Please reproduce the entries below exactly, leaving the pictures out.

Extracted data
"""

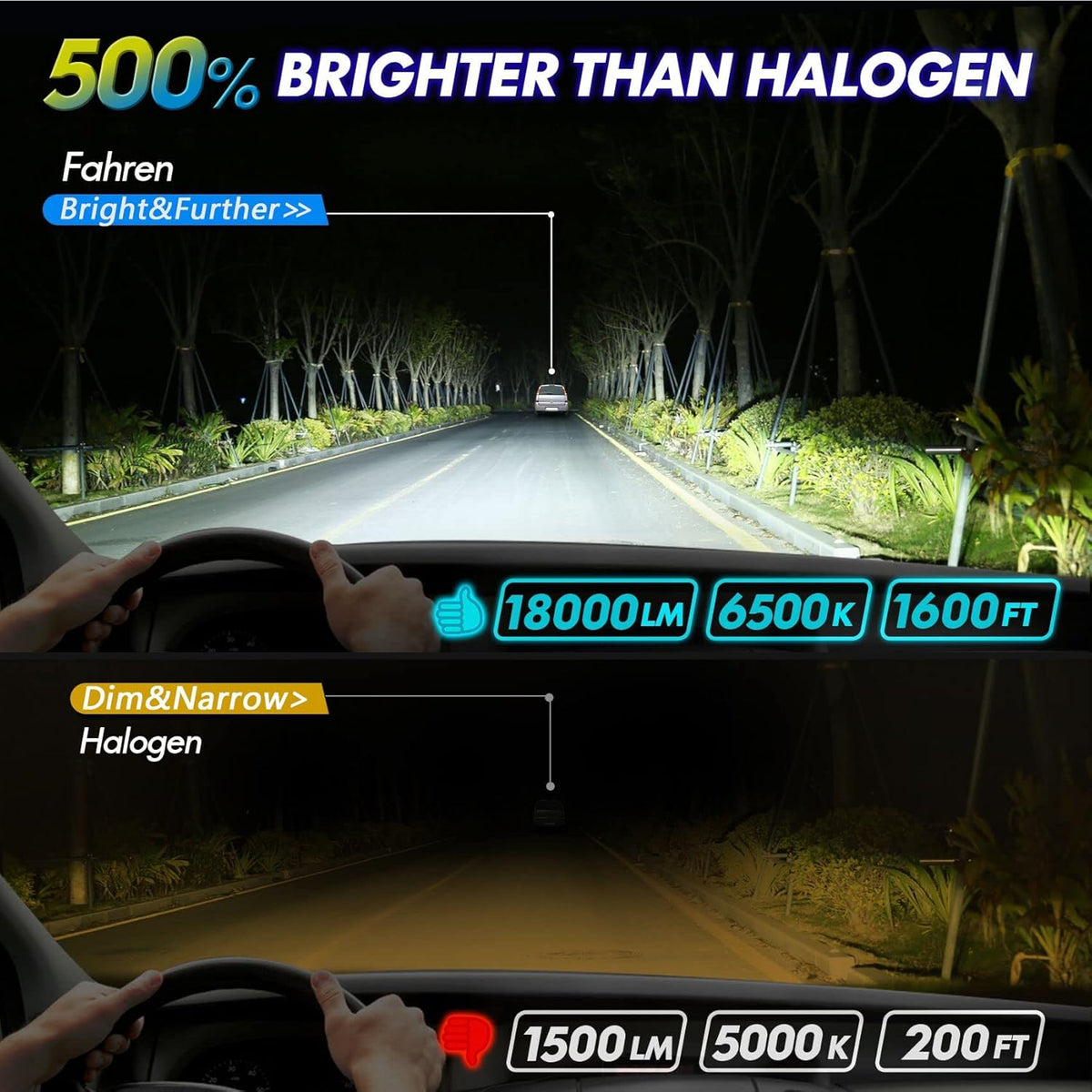 LED Headlight Bulbs Conversion Kit 6500K Cool White IP68 Waterproof, Pack of 2 W372973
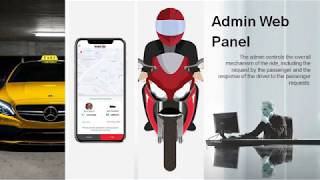 Features of Infinite Cab - Best Taxi booking app developer screenshot 5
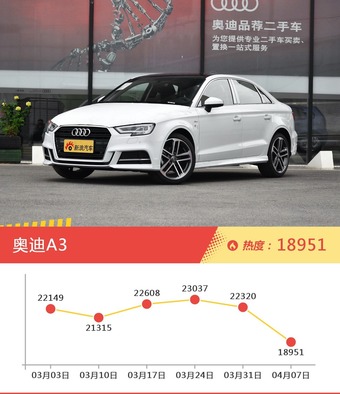一周德系三厢车型热度排行出炉，奥迪A3夺冠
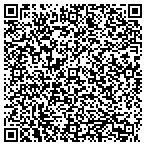 QR code with In-Door Air Quality Consultants contacts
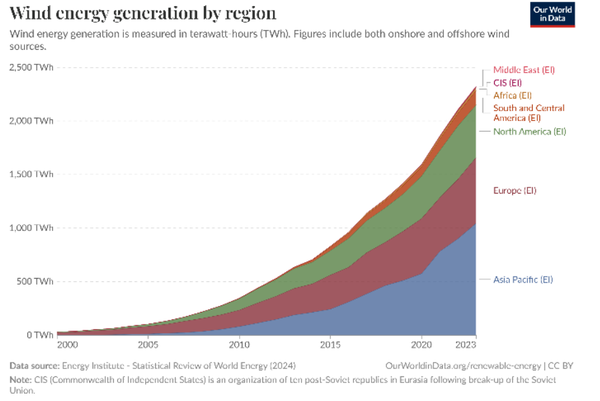Evolució de l’energia elèctrica generada d’origen eòlic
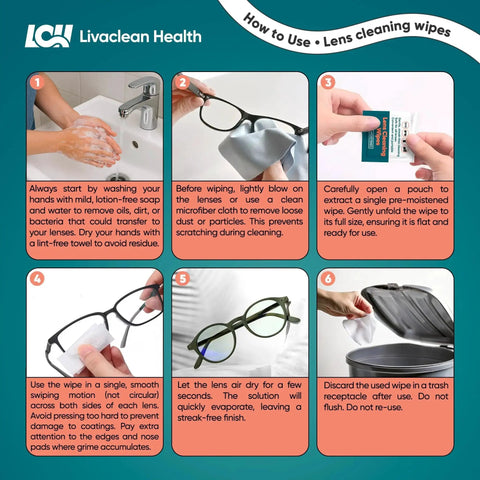 Infographic on using 250 Count Lens Wipes For Eyeglasses Cameras And Screens Pre Moistened with step-by-step cleaning instructions.
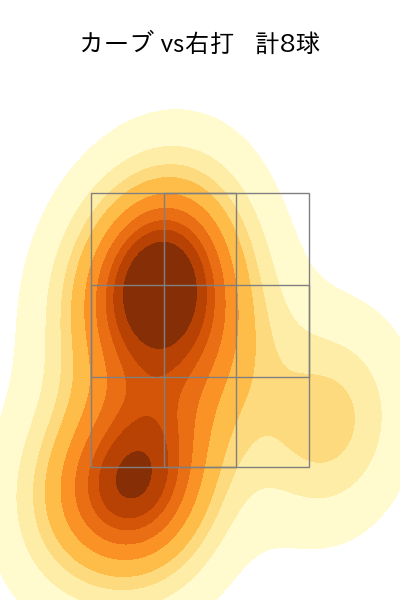 高梨 裕稔 配球ヒートマップ(2025年4月)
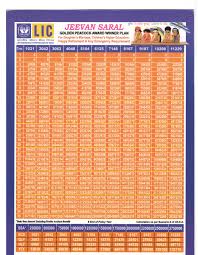 Insurance Plan Lic Insurance Plan Jeevan Saral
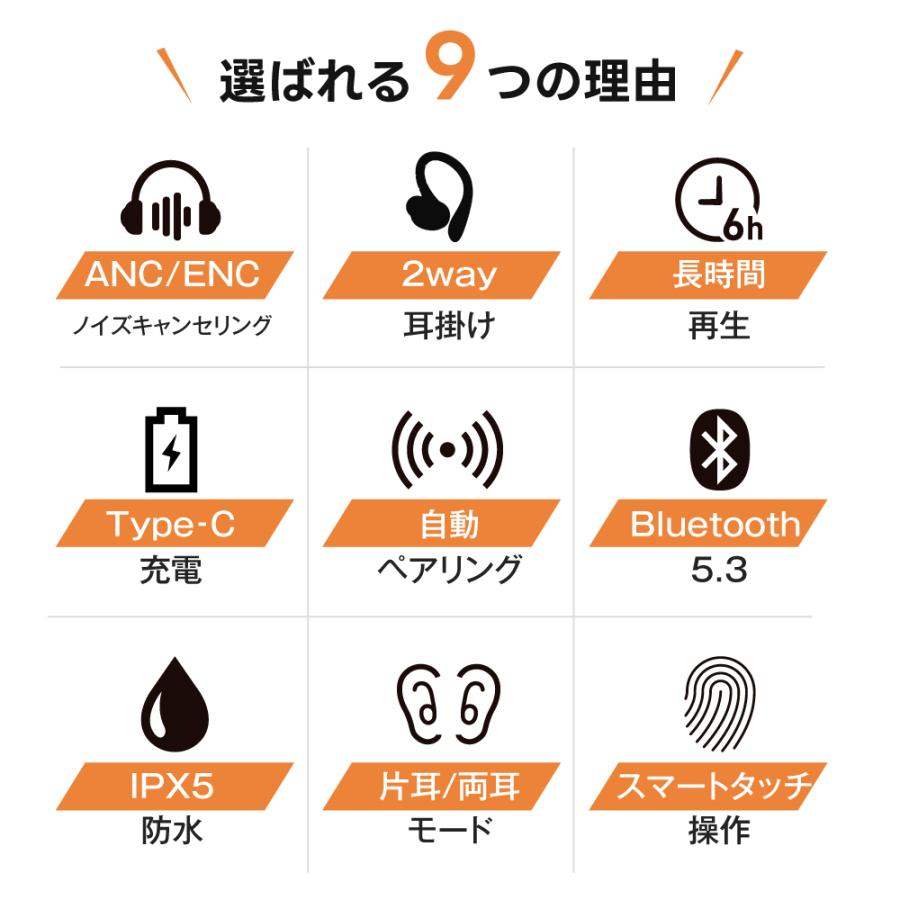 ワイヤレスイヤホン Bluetooth 5.3 ワイヤレス イヤホン iPhone android ノイズキャンセリング マイク 片耳 両耳 防水 ブルートゥース i25 | ブランド登録なし | 01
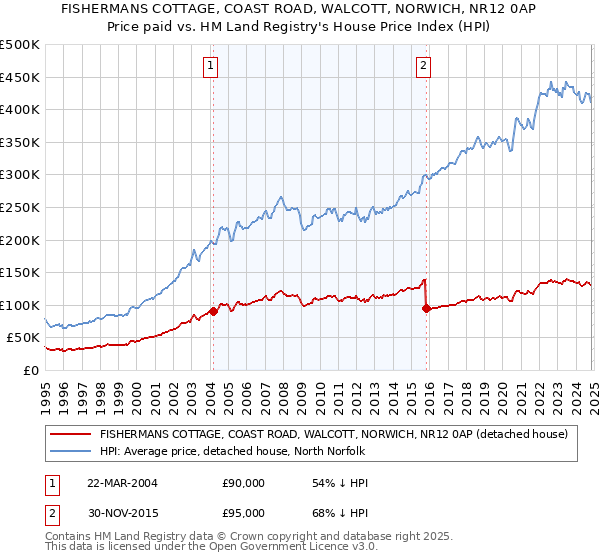 FISHERMANS COTTAGE, COAST ROAD, WALCOTT, NORWICH, NR12 0AP: Price paid vs HM Land Registry's House Price Index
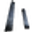 Behemoth Gateway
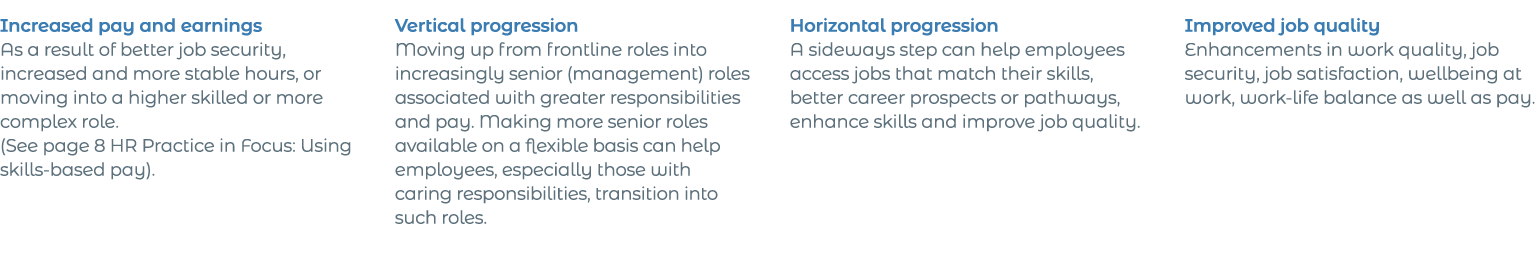 Increased pay and earnings  As a result of better job security, increased and more stable hours, or moving into a hig   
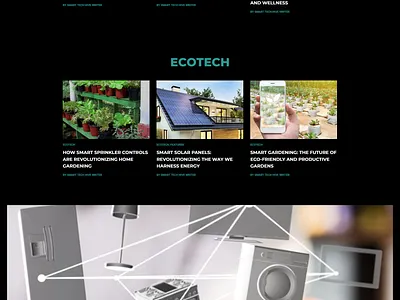 Smart Tech Hive Website Design blog customize development website design wordpress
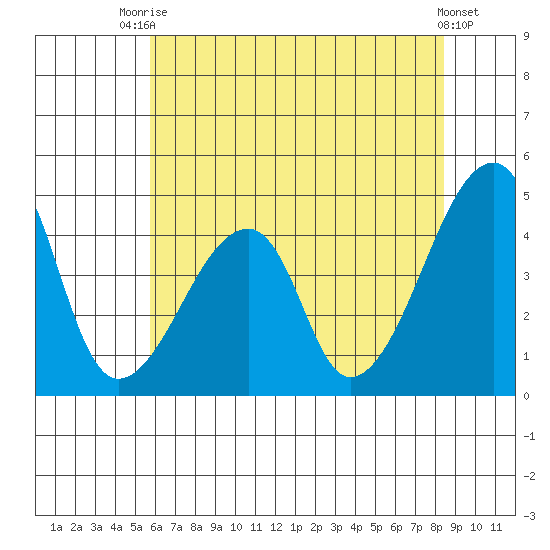 Dennis Creek Route 47 tide chart for Sunday, July 16, 2023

"""

Response box
 LED Headlight Bulbs Conversion Kit 6500K Cool White IP68 Waterproof, Pack of 2 W372973
 Features of Infinite Cab - Best Taxi booking app developer screenshot 5
一周德系三厢车型热度排行出炉，奥迪A3夺冠
 QR code with In-Door Air Quality Consultants contacts
Evolució de l’energia elèctrica generada d’origen eòlic
 Infographic on using 250 Count Lens Wipes For Eyeglasses Cameras And Screens Pre Moistened with step-by-step cleaning instructions.
 高梨 裕稔 配球ヒートマップ(2025年4月)
 Insurance Plan Lic Insurance Plan Jeevan Saral
 ワイヤレスイヤホン Bluetooth 5.3 ワイヤレス イヤホン iPhone android ノイズキャンセリング マイク 片耳 両耳 防水 ブルートゥース i25 | ブランド登録なし | 01
 FISHERMANS COTTAGE, COAST ROAD, WALCOTT, NORWICH, NR12 0AP: Price paid vs HM Land Registry's House Price Index
 Behemoth Gateway
 Increased pay and earnings  As a result of better job security, increased and more stable hours, or moving into a hig   
 Smart Tech Hive Website Design blog customize development website design wordpress
 Dennis Creek Route 47 tide chart for Sunday, July 16, 2023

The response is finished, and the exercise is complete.